Conventional fuel prices in European and African ports have dipped over the weekend, and bunker availability is good in Las Palmas.


Changes on the day from Friday to 09.00 GMT today:

  • VLSFO prices down in Gibraltar ($8/mt), Rotterdam ($5/mt) and Durban ($3/mt)
  • LSMGO prices down in Gibraltar ($9/mt) and Rotterdam ($7/mt)
  • HSFO prices down in Rotterdam ($7/mt), Gibraltar ($5/mt) and Durban ($2/mt)
  • Rotterdam B30-VLSFO premium over VLSFO up by $24 at $262/mt

Barring Rotterdam’s B30-VLSFO price, prices of all fuel grades in Rotterdam, Gibraltar and Durban have declined, tracking Brent’s downward movement.

Since the beginning of May, Rotterdam’s VLSFO price has steadily increased, narrowing Gibraltar’s premium over the benchmark from almost $60/mt to around $30/mt today.

The fall in Gibraltar's VLSFO price has surpassed the drop in its HSFO price, narrowing the port’s Hi5 spread by $3/mt to $51/mt.

Gibraltar has reported an increase in congestion over the weekend, with eight vessels awaiting bunkers at the port today, according to port agent MH Bland.
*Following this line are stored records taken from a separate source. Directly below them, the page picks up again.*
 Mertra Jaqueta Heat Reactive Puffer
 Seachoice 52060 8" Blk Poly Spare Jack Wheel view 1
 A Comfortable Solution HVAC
Some suppliers at the port are running 3-10 hours behind schedule, the agent added.

Bunkering operations continue as usual at Ceuta, though one supplier is delayed by 10-12 hours at the anchorage, MH Bland noted.

Las Palmas is forecast to face wind gusts of up to 22 knots today, which could possibly disrupt bunkering operations, according to MH Bland. Some suppliers are running 6-8 hours late, the agent added. Bunker availability is good in Las Palmas, with 5-7 days of lead times advised.
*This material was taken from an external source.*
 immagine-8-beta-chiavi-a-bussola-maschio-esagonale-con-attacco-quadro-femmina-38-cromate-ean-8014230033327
Bunker availability off Walvis Bay is good, with recommended lead times of 3-6 days, consistent with last week.

Brent

The front-month ICE Brent contract has lost by $0.53/bbl on the day from Friday, to trade at $67.84/bbl at 09.00 GMT.

Upward pressure:

The global market’s attention is now shifting from geopolitical tensions in the Middle East to demand growth factors. This has supported Brent crude’s price recently.

The US Federal Reserve (Fed) will hold its upcoming interest rate meeting in July, where officials are largely expected to cut US interest rates in September, according to market analysts.
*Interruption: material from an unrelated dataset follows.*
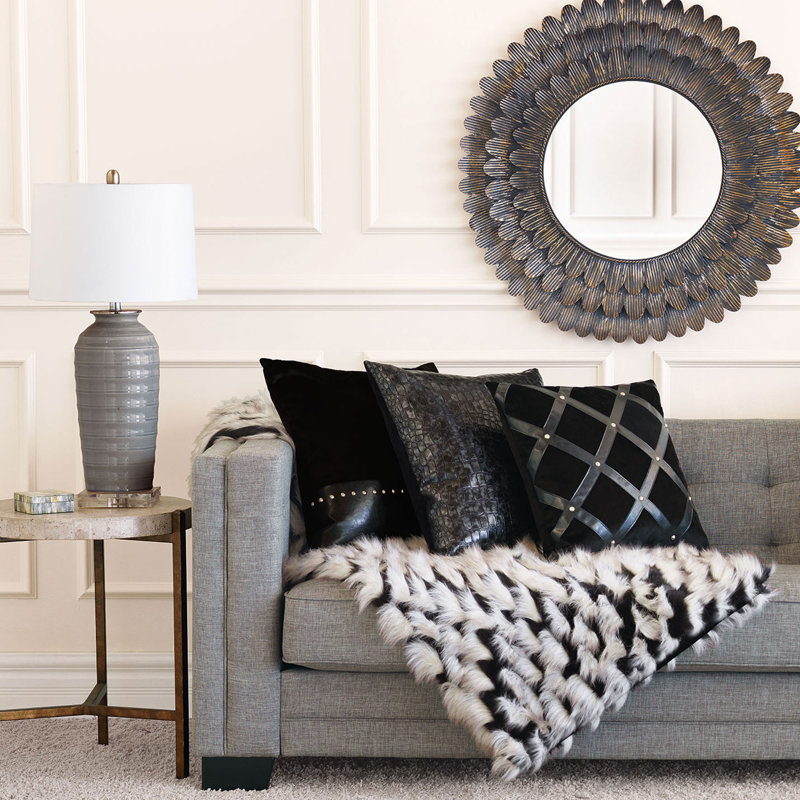 Brooklyn Hand Woven Blanket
Lower interest rates in the US can boost demand, making dollar-denominated commodities like oil cheaper for holders of other currencies.

“The [oil] market is punch drunk on rate cut euphoria. Futures are fully loaded for a September cut and even pricing a 20% chance for July,” SPI Asset Management managing partner Stephen Innes remarked.

Downward pressure:

Oil’s brief rally has lost momentum as supply glut concerns have overshadowed optimism about demand growth.

The eight OPEC+ members currently unwinding supply cuts are expected to raise their combined output in August by another 411,000 b/d, Reuters reports. This news has put downward pressure on Brent.

“What’s really spooking the tape now is OPEC+ playing offense,” Innes remarked.

The Saudi Arabia-led group will again meet on 6 July to decide August production levels, the group said earlier.

“Rumours are swirling that the cartel is eyeing another 411,000 bpd hike for August, which would make it four straight months of aggressive taps-turning,” Innes added.